### Your objective
Leave out the pictures, and retype the remaining data exactly.
--- Dataset section Enclosed Below ---
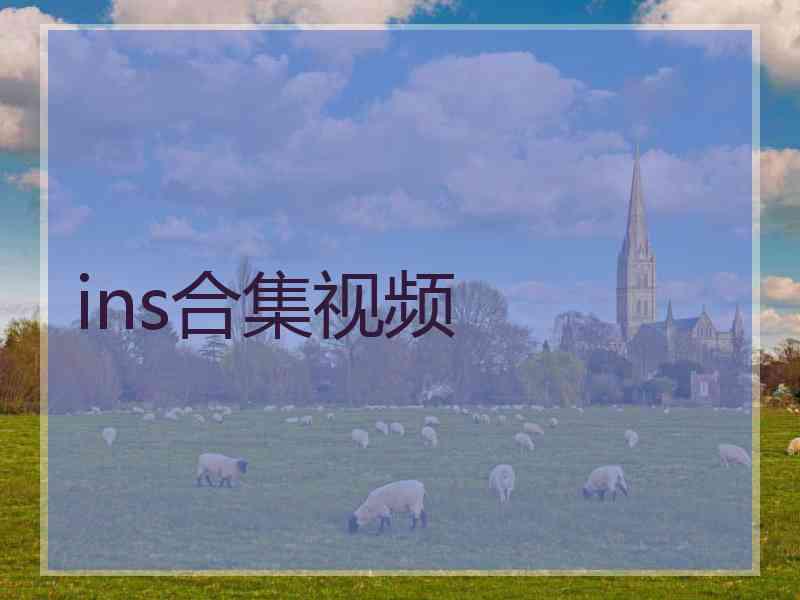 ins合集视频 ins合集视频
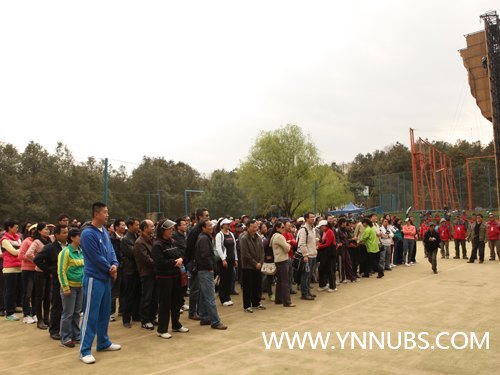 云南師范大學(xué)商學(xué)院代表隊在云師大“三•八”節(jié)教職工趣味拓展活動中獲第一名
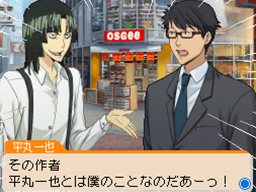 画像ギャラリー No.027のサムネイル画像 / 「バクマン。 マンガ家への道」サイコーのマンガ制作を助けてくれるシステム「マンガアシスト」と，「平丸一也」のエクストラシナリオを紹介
--- End of Enclosed Dataset section ---
### Task answer
 ins合集视频 ins合集视频
 云南師范大學(xué)商學(xué)院代表隊在云師大“三•八”節(jié)教職工趣味拓展活動中獲第一名
 画像ギャラリー No.027のサムネイル画像 / 「バクマン。 マンガ家への道」サイコーのマンガ制作を助けてくれるシステム「マンガアシスト」と，「平丸一也」のエクストラシナリオを紹介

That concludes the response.